I answered: No, it is a report on environmental changes, such as the claim that our oceans could be depleted within 40 years.
My colleague scoffed, saying: 40 years? Come on. What does it matter to you or me? Can you guarantee to live to see that day?
Of course, my friend did not think of his four children who, God willing, will live to see that environmental crisis.
This anecdote reflects our outlook towards the present and future.
We do not care about the future of energy or water reserves, nor do we pause for a moment to think about the impact of environmental changes in 10 years’ time. We do not consider the potential state of our financial reserves in 2030, nor do we bother planning for the investments of the generations to come. We do not trouble ourselves with the problems of desertification or dredging, or think of how to restructure our country’s administrative map so it can cope with effects of current urban population growth in half a century from now.
We use the same logic as my colleague, who deems any concern about a phenomenon that may emerge in 40 years’ time as a crazy or unjustifiable worry.
As he says, “let us leave these problems for the generations to come.”
This frightening logic was applied previously by our predecessors, and as a result, we are now facing growing cracks in our infrastructure, whether in urban planning or in the crises of water, energy or strategic crops.
Preparations for the Zionist project were in place since the era of Napoleon Bonaparte. China’s renaissance dream was scheduled to take 50 years to be fulfilled, 20 years of which have already elapsed. Israel’s plan to incorporate the population of Jerusalem began back in 1970, and will be completed in 25 years. The Arab school of thought is limited, and the Arab school of planning is very much short-term.
When it comes to decisive issues, some of us delay the inevitable by postponing matters and buying time for several months or even years, until they are passed on to others, regardless of the outcome.
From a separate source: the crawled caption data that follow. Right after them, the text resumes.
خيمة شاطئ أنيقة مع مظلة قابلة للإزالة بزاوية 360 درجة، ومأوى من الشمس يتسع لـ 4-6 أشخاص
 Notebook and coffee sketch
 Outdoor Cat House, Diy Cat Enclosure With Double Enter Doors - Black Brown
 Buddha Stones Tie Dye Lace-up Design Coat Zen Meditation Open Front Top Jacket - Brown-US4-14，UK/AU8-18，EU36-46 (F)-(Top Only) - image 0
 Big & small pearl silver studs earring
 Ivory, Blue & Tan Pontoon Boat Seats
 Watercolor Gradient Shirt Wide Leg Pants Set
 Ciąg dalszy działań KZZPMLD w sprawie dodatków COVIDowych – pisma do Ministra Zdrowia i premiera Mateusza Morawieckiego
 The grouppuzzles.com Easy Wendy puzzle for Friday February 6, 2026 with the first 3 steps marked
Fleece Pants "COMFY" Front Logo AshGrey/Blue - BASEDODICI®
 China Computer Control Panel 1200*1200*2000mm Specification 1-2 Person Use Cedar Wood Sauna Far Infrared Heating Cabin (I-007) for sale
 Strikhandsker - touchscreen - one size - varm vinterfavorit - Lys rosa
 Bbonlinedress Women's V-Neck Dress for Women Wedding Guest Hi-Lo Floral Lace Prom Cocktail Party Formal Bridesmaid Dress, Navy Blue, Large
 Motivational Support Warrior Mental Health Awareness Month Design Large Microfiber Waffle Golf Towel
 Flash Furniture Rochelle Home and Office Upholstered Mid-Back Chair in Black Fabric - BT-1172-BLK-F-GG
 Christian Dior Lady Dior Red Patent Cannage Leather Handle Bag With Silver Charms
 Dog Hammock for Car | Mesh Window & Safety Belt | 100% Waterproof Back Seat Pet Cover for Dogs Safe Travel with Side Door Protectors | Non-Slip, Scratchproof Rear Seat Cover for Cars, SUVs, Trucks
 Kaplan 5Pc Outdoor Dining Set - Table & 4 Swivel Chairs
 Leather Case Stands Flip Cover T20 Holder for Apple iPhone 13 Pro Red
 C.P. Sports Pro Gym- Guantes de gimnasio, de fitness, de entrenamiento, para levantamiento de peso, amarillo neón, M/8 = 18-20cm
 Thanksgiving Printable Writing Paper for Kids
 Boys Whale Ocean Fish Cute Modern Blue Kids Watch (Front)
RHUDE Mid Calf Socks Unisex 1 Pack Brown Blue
All that matters is that we don’t trouble ourselves with such problems, or find practical and effective solutions, regardless of the eventual costs.
The logic and philosophy of “delaying the inevitable” when it comes to our difficult issues is a disastrous one by all means, and something that our sons and grandsons will pay a heavy price for. I’m afraid we will continue to postpone and pass these issues on, but to confront them today would certainly be a million times less costly than to delay the inevitable!